Start of Block

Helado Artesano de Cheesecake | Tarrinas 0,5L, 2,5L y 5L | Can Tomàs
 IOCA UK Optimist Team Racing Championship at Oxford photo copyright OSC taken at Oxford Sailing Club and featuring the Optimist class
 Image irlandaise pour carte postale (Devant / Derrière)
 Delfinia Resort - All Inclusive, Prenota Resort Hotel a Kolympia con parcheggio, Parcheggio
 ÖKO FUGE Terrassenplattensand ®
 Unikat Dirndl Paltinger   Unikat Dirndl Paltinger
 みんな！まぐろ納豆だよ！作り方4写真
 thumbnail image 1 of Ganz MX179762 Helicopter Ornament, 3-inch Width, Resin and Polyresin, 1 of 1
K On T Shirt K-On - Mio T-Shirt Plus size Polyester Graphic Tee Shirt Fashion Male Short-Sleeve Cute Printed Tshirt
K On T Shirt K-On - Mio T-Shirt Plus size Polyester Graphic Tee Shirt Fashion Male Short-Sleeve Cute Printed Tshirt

End of Block
Start of Block

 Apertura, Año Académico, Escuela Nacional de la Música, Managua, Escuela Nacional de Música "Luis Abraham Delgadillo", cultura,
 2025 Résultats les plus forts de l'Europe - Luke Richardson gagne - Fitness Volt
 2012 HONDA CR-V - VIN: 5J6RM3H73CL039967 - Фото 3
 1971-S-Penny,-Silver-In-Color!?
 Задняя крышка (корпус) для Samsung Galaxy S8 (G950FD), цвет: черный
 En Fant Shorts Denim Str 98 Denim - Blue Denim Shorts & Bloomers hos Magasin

End of Block

* [Instructions for the task]
Starting with the line above that holds "2025 Résultats les" and stopping with the line that holds "Задняя крышка (корпус)", reproduce each line exactly, omitting all other lines.

* [Solution below]
 2025 Résultats les plus forts de l'Europe - Luke Richardson gagne - Fitness Volt
 2012 HONDA CR-V - VIN: 5J6RM3H73CL039967 - Фото 3
 1971-S-Penny,-Silver-In-Color!?
 Задняя крышка (корпус) для Samsung Galaxy S8 (G950FD), цвет: черный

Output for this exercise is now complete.